The reason we use Kattis problem package format is due to the set of tools that are available for verifying problem integrity. You should get and install them from github on the Kattis problemtools project page. (They are easiest to install on Ubuntu.) As the problemtools package uses a Git submodule, to get the full source you need to use the following command to get all the sources you'll need:
git clone --recursive email@example.com:Kattis/problemtools.gitAfter installing it, use this software to verify your problem package before submitting it to me. This means running "verifyproblem.py" to verify the entire problem package. You can also use "problem2pdf.py" to see how your problem writeup looks when rendered in PDF.
These problems are due at the last class meeting of the semester. You must also submit via email to the professor your ideas for your problem(s) the 3rd class meeting, and a draft of the completed writeup of the entire problem on the 10th meeting. A completed writeup is a complete package (solution(s), test data, input validator, problem writeup, problem.yaml metadata file, etc.). The package should validate using "verifyproblem" (see Kattis problemtools above).
- This website contains the official course information. Please check it regularly for updates.
- All work in this course is strictly individual, unless the instructor explicitly states otherwise. While discussion of course material is encouraged, collaboration on assignments is not allowed. Collaboration includes (but is not limited to) discussing with anyone (other than the professor) anything that is specific to completing an assignment. You are encouraged to discuss the course material with the professor, preferably in office hours, and also by email.
- Bring any grading correction requests to your professor's attention within 2 weeks of receiving the grade or before the end of the semester, whichever comes first.
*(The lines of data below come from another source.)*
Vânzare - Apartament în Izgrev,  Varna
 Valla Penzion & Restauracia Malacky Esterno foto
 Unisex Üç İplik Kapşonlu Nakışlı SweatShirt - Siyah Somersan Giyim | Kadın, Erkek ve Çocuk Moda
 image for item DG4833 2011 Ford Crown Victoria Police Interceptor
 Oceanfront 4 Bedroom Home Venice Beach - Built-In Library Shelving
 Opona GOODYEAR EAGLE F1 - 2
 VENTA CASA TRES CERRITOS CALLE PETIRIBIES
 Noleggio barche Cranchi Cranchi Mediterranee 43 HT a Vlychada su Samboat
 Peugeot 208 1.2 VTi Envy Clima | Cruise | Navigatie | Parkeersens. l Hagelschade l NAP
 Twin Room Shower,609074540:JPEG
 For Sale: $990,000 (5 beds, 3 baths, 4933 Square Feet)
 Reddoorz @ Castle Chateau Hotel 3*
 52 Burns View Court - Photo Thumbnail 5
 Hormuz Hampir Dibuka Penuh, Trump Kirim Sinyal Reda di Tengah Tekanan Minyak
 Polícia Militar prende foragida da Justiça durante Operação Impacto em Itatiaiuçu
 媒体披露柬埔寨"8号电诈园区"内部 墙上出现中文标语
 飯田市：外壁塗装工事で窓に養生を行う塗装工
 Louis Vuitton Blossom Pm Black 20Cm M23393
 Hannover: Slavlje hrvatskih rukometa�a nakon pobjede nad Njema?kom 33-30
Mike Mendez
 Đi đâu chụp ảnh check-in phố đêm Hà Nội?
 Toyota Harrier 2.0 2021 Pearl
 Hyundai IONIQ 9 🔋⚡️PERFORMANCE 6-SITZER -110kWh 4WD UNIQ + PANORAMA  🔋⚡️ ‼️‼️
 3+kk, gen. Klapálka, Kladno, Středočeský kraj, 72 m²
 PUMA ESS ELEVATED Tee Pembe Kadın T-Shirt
I take academic honesty very seriously. Many studies, including one by Sheilah Maramark and Mindi Barth Maline have suggested that "some students cheat because of ignorance, uncertainty, or confusion regarding what behaviors constitute dishonesty" (Maramark and Maline, Issues in Education: Academic Dishonesty Among College Students, U.S. Department of Education, Office of Research, August 1993, page 5). In an effort to reduce misunderstandings, here is a minimal list of activities that will be considered cheating in this class:
- Using a source other than the optional course textbooks, the course website, or your professor to obtain credit for any assignment.
- Copying another student's work. Simply looking over someone else's source code is copying.
- Providing your work for another student to copy.
- Collaboration on any assignment, unless the work is explicitly given as collaborative work. Any discussion of an assignment or project is considered collaboration.
- Studying tests or using assignments from previous semesters.
- Providing someone with tests or assignments from previous semesters.
- Turning in someone else's work as your own work.
- Giving test questions to students in another class.
- Reviewing previous copies of the instructor's tests without permission from the instructor.